創造的なアイディアを生み出すデザイン思考
デザイン思考の歴史
シリコンバレーにあるIDEOという会社が作り出したもの。
※IDEOはアップル社のプロジェクトにて、最初のマウスをデザインした会社である。
シリコンバレーのスタートアップの基本コンセプトは
- アジャイル
- リーン
- デザイン思考(d思考)
によって、構成されている。
スタンフォード大学ではd.schoolを創設し、デザイン思考という考え方を広めている。

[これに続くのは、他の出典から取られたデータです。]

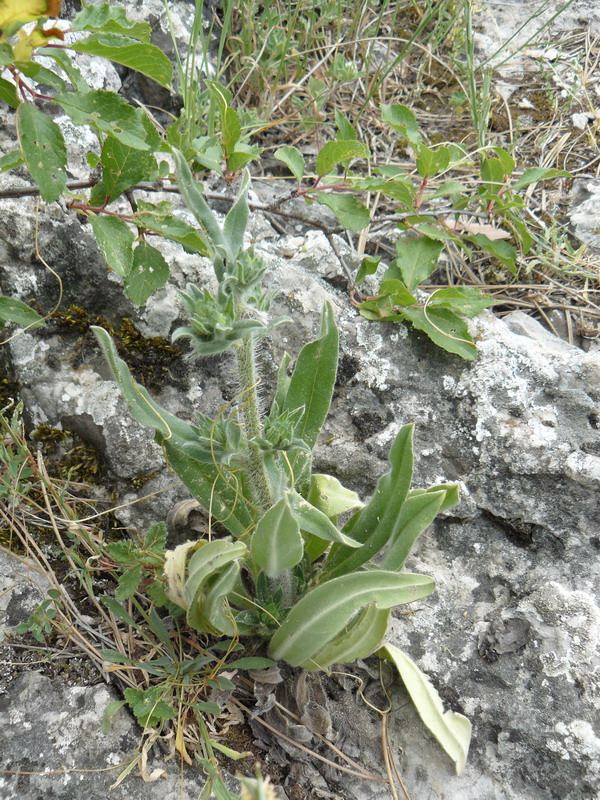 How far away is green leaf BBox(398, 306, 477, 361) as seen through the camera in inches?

デザイン思考とは、ユーザー体験をデザインするという意味で、外見のデザインを指していません
デザイン思考とは
徹底的なユーザーの観察によって、創造的なアイディアを生み出す手法である。
従来型のアイディアを生み出す手法は以下3点でそれぞれ欠点(注意事項)が有る
- アンケート:「顧客に未来のことを聞いてはいけない」という鉄則があり注意が必要だ
(※iphoneや新型フォードは顧客アンケートからは生まれ得ないからだ) - データ分析:数字のバイアスが発生し、人の心理を見落とすことがある
- 直感:個々人のセンスに依存し、再現性もない
観察に基づいたデザイン思考は、アイディアが多量に出て、再現性がある。
STEP1:まずは観察
ユーザーが
- 言ったこと
- 行ったこと
を観察することがデザイン思考の要諦だ。
文字通り観察であり、ウェブサイト分析なら
- レコーディング機能
- アンケート
が有効である。
観察内容を元に共感
言ったこと、行ったことを元に、主観を出来る限り排除して共感を行う。
- 言ったことを元に、ユーザーがどう感じたのかを推測
- 行ったことを元に、ユーザーが何を考えているのかを推測
上記を行う。ユーザーの潜在的ニーズを掘り起こすには、この工程が重要である。
観察対象として重要なエクストリームユーザー
商品・サービスについて変わった使い方をする、10%以下のエクストリームユーザーの観察は特に重要であり優先度が高い。
STEP2:次に案出し
案を出します。ポイントは以下
- 量を出す(1時間で100案)
- 観察結果を元にテーマを出す(論点を出す。10程度の案が出るテーマ設定を)
- 心理的安全性を確保
- 踏み台案(他社の案のブラッシュアップ案)を出す
STEP3:試作施工
プロトタイプを作って試す工程である。ウェブサイトなら
- (制作前なら)ペーパープロトタイプを作る
- (制作後なら)ABテストを実行する
ことが有効な手法だ。
デザイン思考事例
ベトナムで143万人の子どもを栄養失調から救ったシェリー・スターニン
貧しい村々を訪れて、その中で健康状態の良い子どものお母さんに、インタビューを行う。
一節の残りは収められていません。